→ Task directions: Make an exact copy of the whole listing, but leave its pictures out.

→ Task material:

*** Begin section ***

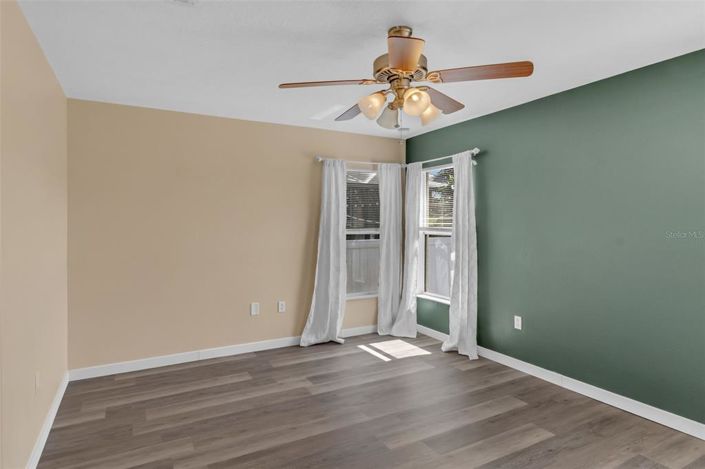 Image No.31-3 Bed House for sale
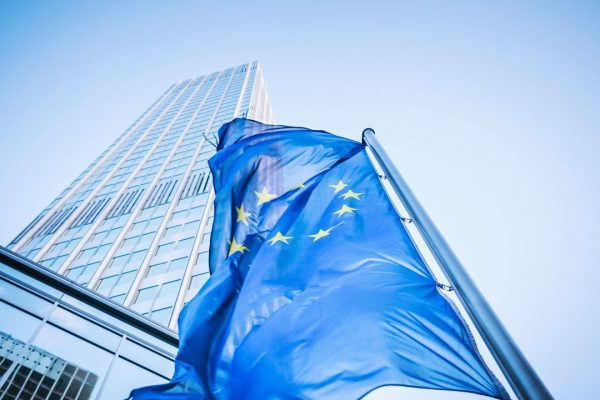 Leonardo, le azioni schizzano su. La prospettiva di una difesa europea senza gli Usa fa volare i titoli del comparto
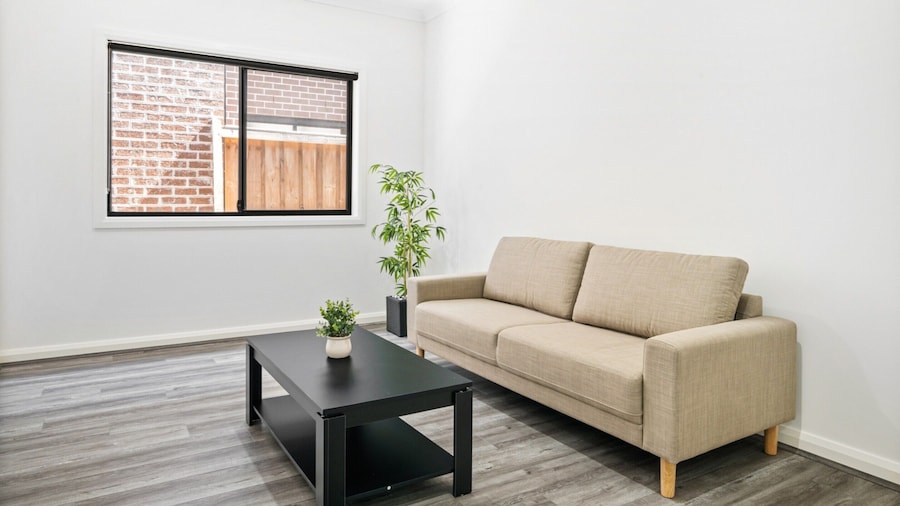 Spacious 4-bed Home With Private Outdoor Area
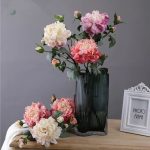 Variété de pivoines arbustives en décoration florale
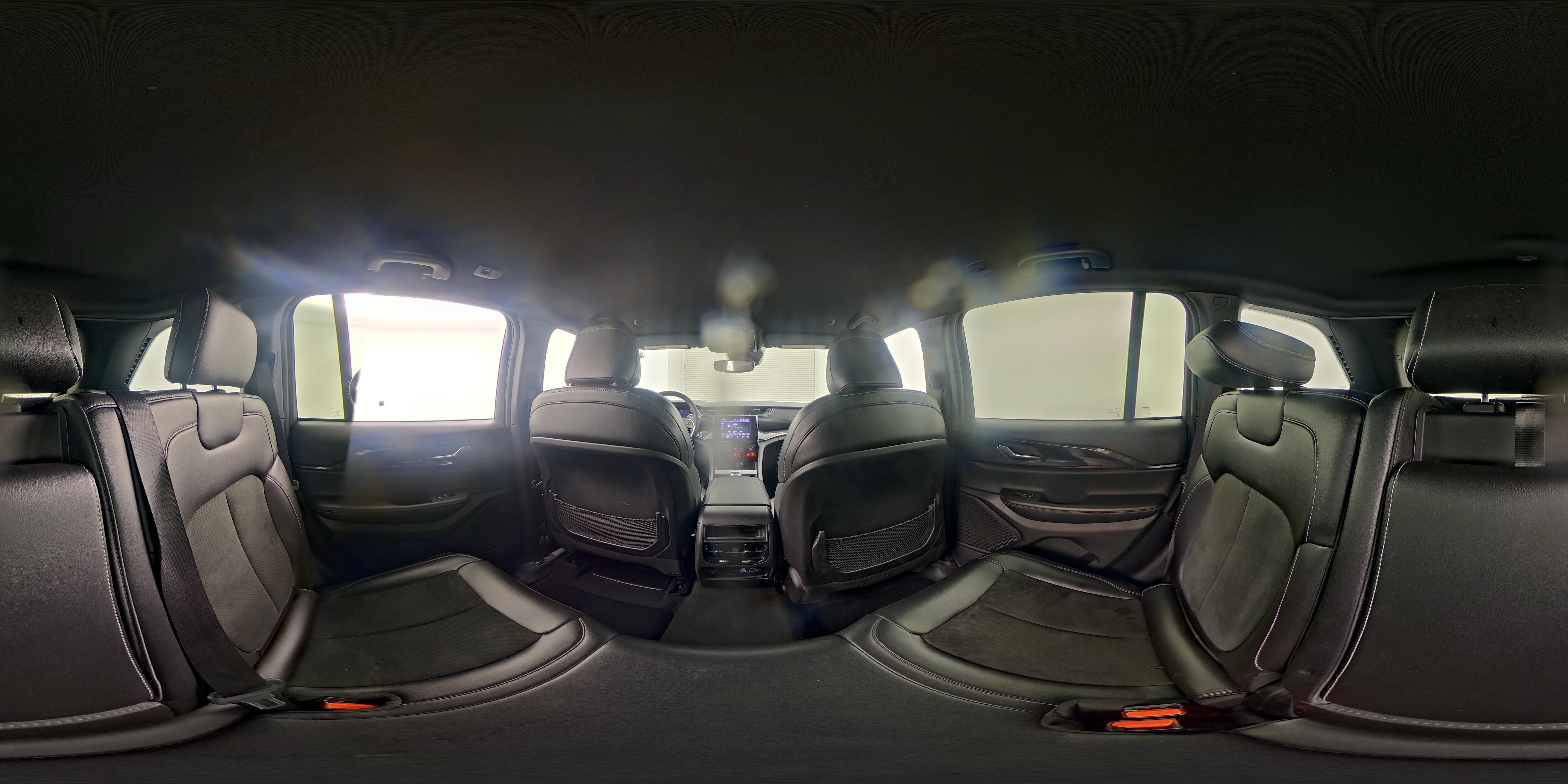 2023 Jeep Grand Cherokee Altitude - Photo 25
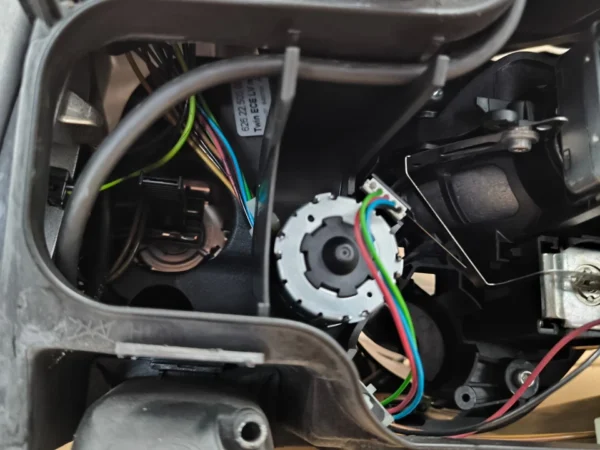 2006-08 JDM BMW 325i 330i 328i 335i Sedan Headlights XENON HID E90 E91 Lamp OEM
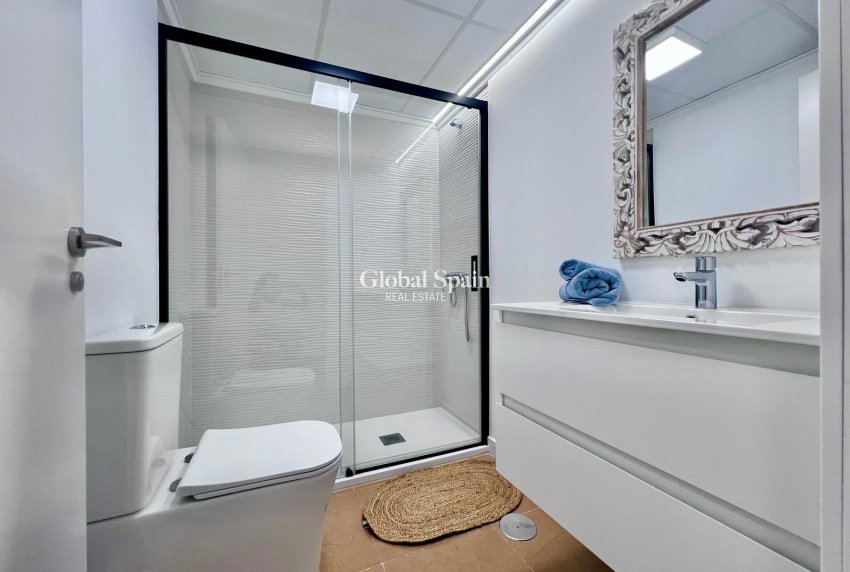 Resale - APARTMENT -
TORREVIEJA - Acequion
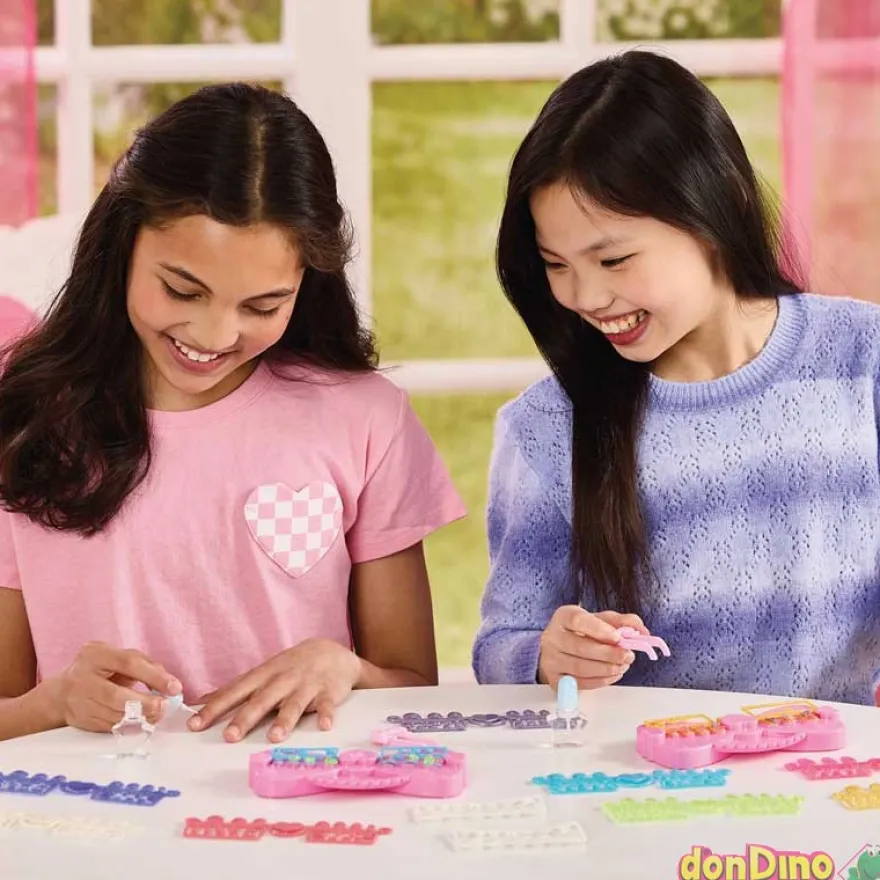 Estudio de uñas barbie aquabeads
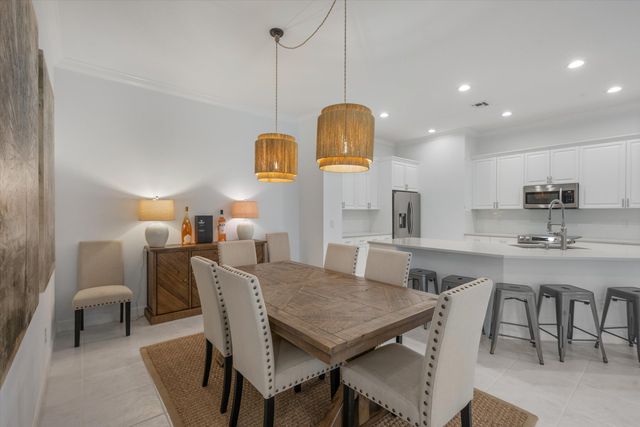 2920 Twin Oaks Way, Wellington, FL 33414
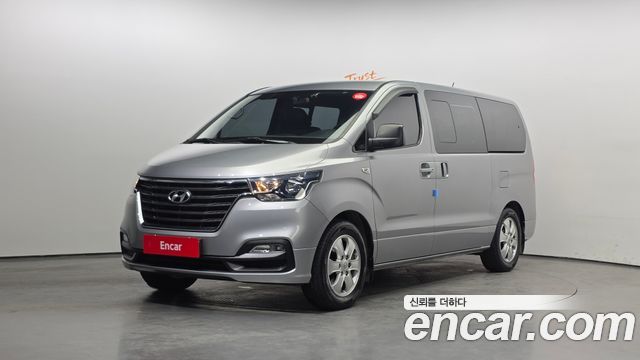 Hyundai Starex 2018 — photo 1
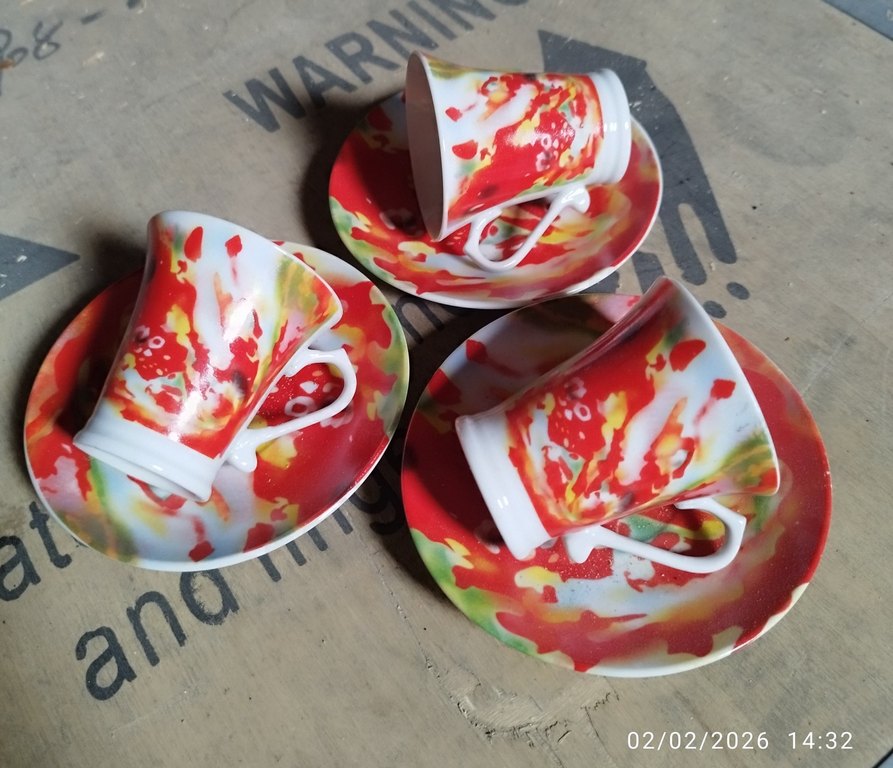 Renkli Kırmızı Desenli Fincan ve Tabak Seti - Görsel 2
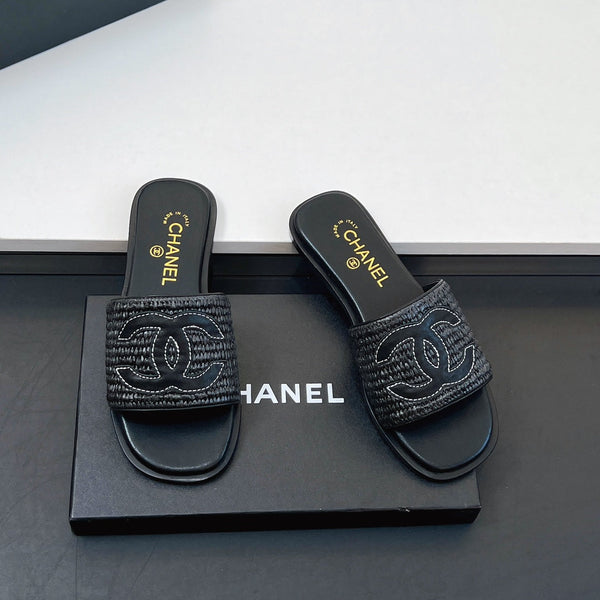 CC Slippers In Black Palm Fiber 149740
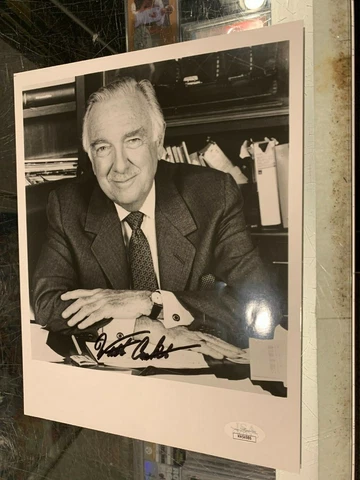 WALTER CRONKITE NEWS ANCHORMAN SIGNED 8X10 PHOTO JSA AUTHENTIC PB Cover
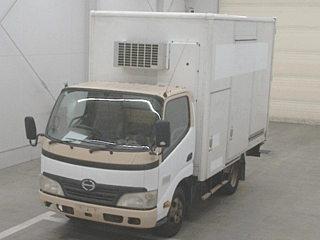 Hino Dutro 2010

*** End section ***

→ Answer space:
 Image No.31-3 Bed House for sale
 Leonardo, le azioni schizzano su. La prospettiva di una difesa europea senza gli Usa fa volare i titoli del comparto
 Spacious 4-bed Home With Private Outdoor Area
 Variété de pivoines arbustives en décoration florale
 2023 Jeep Grand Cherokee Altitude - Photo 25
 2006-08 JDM BMW 325i 330i 328i 335i Sedan Headlights XENON HID E90 E91 Lamp OEM
 Resale - APARTMENT -
TORREVIEJA - Acequion
 Estudio de uñas barbie aquabeads
 2920 Twin Oaks Way, Wellington, FL 33414
 Hyundai Starex 2018 — photo 1
 Renkli Kırmızı Desenli Fincan ve Tabak Seti - Görsel 2
 CC Slippers In Black Palm Fiber 149740
 WALTER CRONKITE NEWS ANCHORMAN SIGNED 8X10 PHOTO JSA AUTHENTIC PB Cover
 Hino Dutro 2010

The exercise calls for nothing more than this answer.